Data:
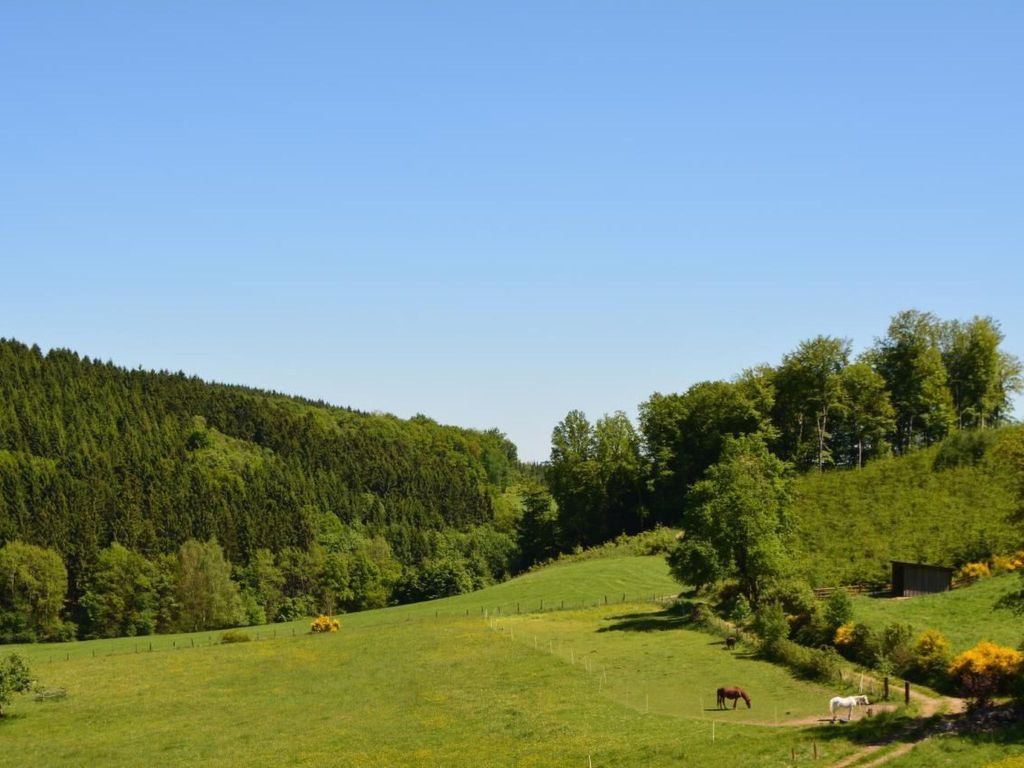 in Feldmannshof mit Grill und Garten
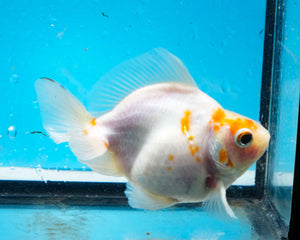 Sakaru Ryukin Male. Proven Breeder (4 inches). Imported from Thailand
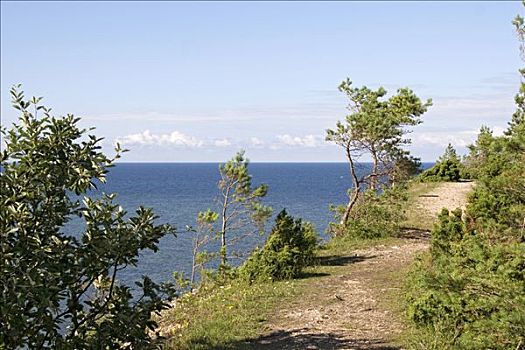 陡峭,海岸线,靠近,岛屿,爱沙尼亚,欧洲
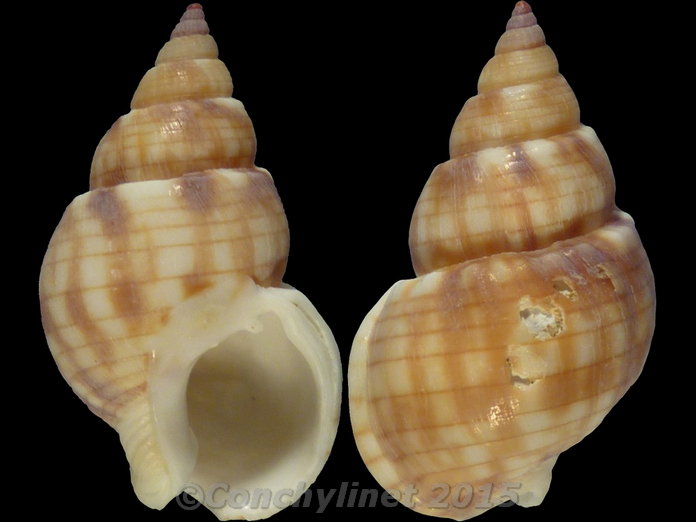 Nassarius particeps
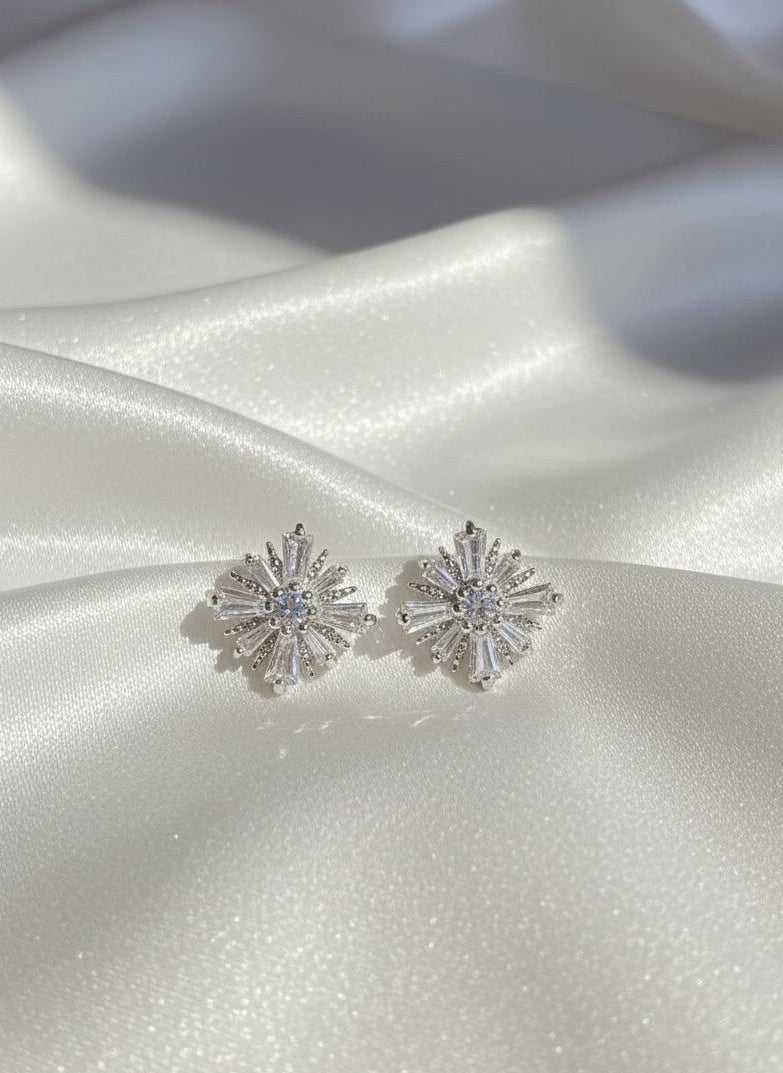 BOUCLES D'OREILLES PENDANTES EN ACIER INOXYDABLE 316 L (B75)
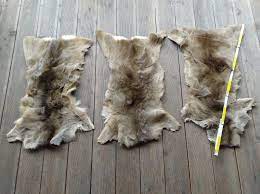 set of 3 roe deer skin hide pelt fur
---
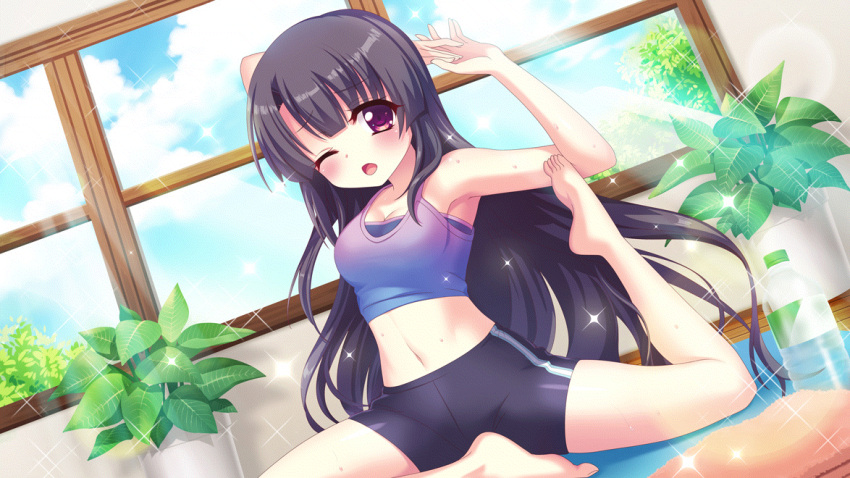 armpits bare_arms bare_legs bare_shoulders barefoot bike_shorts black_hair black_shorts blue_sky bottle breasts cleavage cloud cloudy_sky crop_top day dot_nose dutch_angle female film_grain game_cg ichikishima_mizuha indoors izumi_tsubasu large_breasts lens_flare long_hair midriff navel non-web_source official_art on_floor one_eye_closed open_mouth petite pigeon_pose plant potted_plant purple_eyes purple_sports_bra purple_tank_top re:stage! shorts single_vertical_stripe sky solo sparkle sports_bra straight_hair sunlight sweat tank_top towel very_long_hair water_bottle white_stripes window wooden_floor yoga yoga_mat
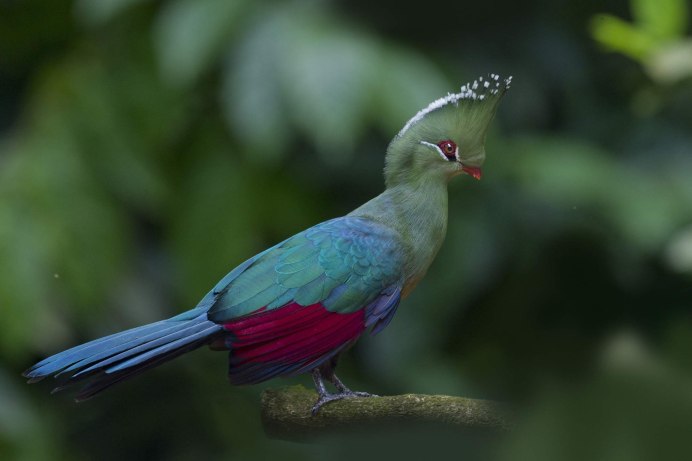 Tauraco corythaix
...
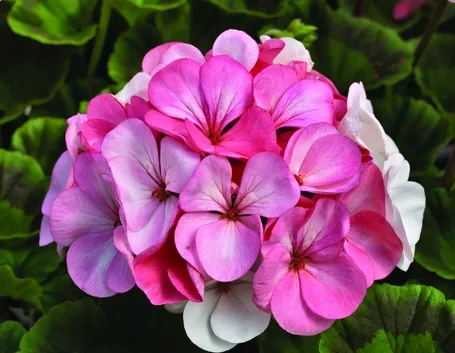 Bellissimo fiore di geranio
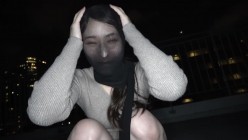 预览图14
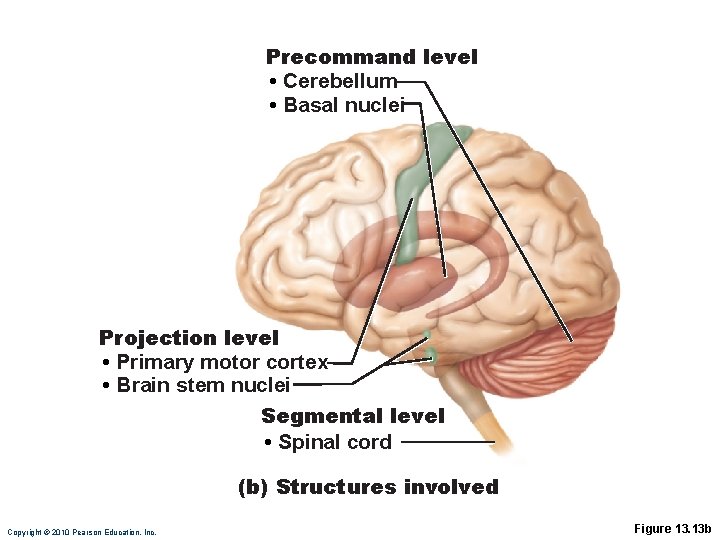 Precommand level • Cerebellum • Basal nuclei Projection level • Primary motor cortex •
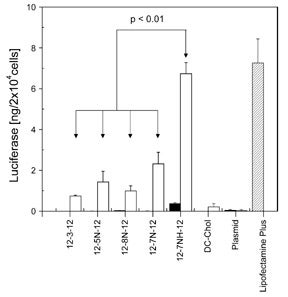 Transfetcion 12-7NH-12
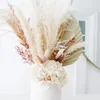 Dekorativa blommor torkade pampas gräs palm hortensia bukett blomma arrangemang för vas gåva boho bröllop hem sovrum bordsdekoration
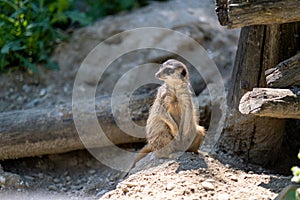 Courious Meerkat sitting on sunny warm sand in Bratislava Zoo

Aim of the exercise: What you need to produce is an exact copy of the entries above, limited to the lines from the one with "陡峭,海岸线,靠近,岛屿,爱沙尼亚,欧洲" up to and including the one with "set of 3 roe deer skin hide pelt fur", without pictures.

Task output:
 陡峭,海岸线,靠近,岛屿,爱沙尼亚,欧洲
 Nassarius particeps
 BOUCLES D'OREILLES PENDANTES EN ACIER INOXYDABLE 316 L (B75)
 set of 3 roe deer skin hide pelt fur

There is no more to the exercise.